Dance Nation is an incisive, hilarious play about the world of pre-teen dancers aiming to take home the top spot at Nationals in Tampa. Adding to the fun is genius casting of adult actors of all ages to portray these children in often heartbreaking realism.

Ikechukwu Ufomadu and Ellen Maddow are two of the talented cast. They shared a bit of their experience with us here.

When and how did you first become involved with Dance Nation and what has the journey been like so far?

Ikechukwu Ufomadu: I was asked to participate in a couple of workshops and readings of the show in September 2016. Then in November of last year, I got an offer for the production at Playwrights. It’s been great working on the show. I’m a big fan of the play. There are some wild stage directions in the script and it’s been fun seeing them translated to live performance. I’ve worked with Clare [Barron, playwright] and Lee [Sunday Evans, Director] before on other projects and enjoy working with them. I’m also much more flexible and in shape from all the dance rehearsals.

Ellen Maddow: I have been in several developmental workshops of Dance Nation, the first in 2016. I am a playwright and composer as well as an actor, and most of the time I work with my own experimental theatre company, Talking Band, which has been around for over 40 years, so working on Dance Nation has been a special experience for me. It has been a pleasure to be involved in this project with Clare and Lee - learning and performing the dances, inhabiting the character of Maeve, and sharing the play with audiences has been a very fulfilling experience.

How would you describe Maeve? Would you have been friends with her if you were in the same dance class as pre-teens? Why or why not?

Ellen: Maeve is defined as “the least talented of the dancers”. She is socially awkward, but clear about herself and her place in the world. She has other interests beside dance - she says she would like to grow up to do something cosmic, like astrophysics. I think I was a lot like her when I was that age. For instance, I was an A student but I never told anyone at school about my grades, because I knew I would be rejected as a weirdo. I stopped taking dance classes by the time I was 13, but I was in a children’s theatre group, and we took ourselves very seriously, and as I remember, we were all a little bit like Maeve.

And Ikechukwu, how would you describe your character, Luke? Would you have been friends with him if you were in the same dance class as pre-teens? Why or why not?

Ikechukwu: Luke is a quiet, earnest kid. I don’t know too much more about him. If I knew him in a dance class, I’d probably be constantly trying to make him laugh.

If someone other than your own character, which best resembles someone you knew when you were a pre-teen yourself?

Ikechukwu: Certain aspects of Luke do remind me of myself when I was that age. I was a pretty quiet kid.

Ellen: I definitely shied away from any kind of competitive situation, so I was Maeve, pretty much all the way down.

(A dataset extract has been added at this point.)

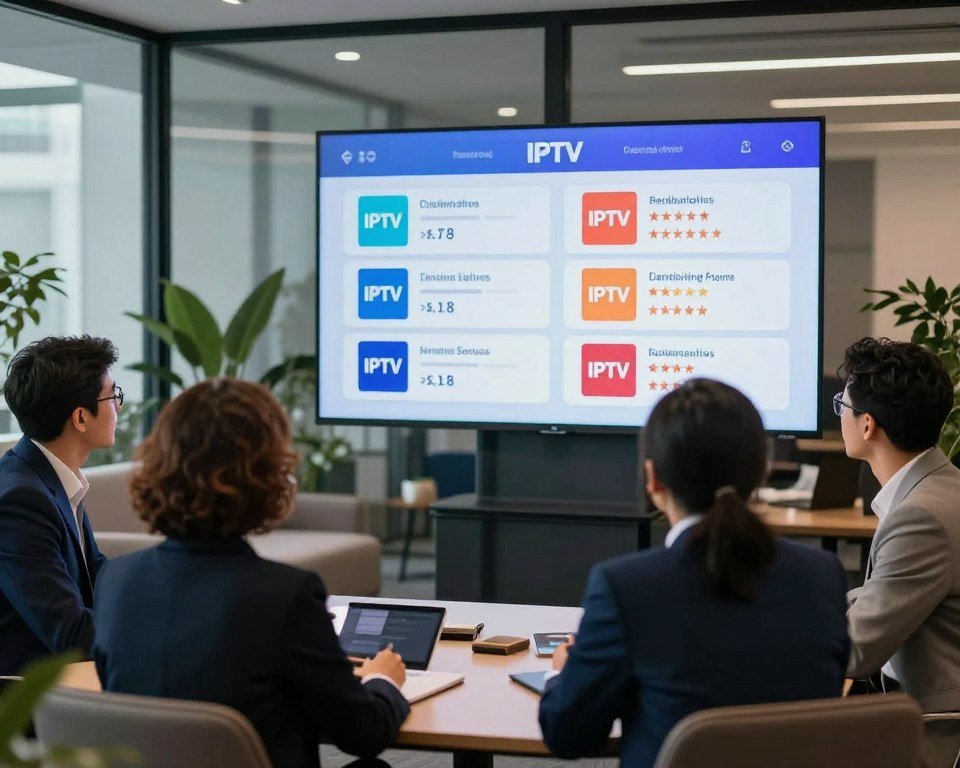 A professional and modern office setting displaying various legal IPTV provider logos on sleek digital screens. In the foreground, a diverse group of businesspeople in professional attire discuss the comparison of IPTV services, showcasing a mix of genders and ethnicities. The middle ground features a large screen displaying graphical comparisons of IPTV features, prices, and customer ratings, illuminated with bright, engaging colors. The background consists of a contemporary office space with glass walls, plants, and comfortable seating, giving a sense of an innovative, tech-savvy environment. The overall atmosphere is informative and collaborative, with soft lighting emphasizing a productive mood, captured with a slight depth of field to focus on the discussion while blurring the background lightly.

During rehearsals, did art ever imitate life, i.e. did you as a group ever find yourselves inadvertently living out the play in real life?

Ellen: The Dance Nation girls try to support and accept each other, even though they are in a competitive situation. What is special about the group of people in the cast is how supportive everyone is of each other. The other cast members have made me feel comfortable and accepted even though I am older. (I will be turning 70 this month and the youngest cast member is 21.)

Ikechukwu: The cast has one dressing room that is divided by a curtain for the men and women. So we live out that aspect of the play each day.

Given the challengers of the play, many hours a day or week do you devote to dancing, rehearsing, warming up?

Ellen: I try to get to the theatre to do about a half an hour of warming up before we do a dance call during which we go over the most difficult parts of our choreography before each performance.

Ikechukwu: I spend probably a couple hours a day warming up, rehearsing and dancing.

What advice would you give to an actor on taking on an emotional role that also requires a lot of physical strength?

Ikechukwu: Take good care of your body. It’s something of a marathon, doing a show like this.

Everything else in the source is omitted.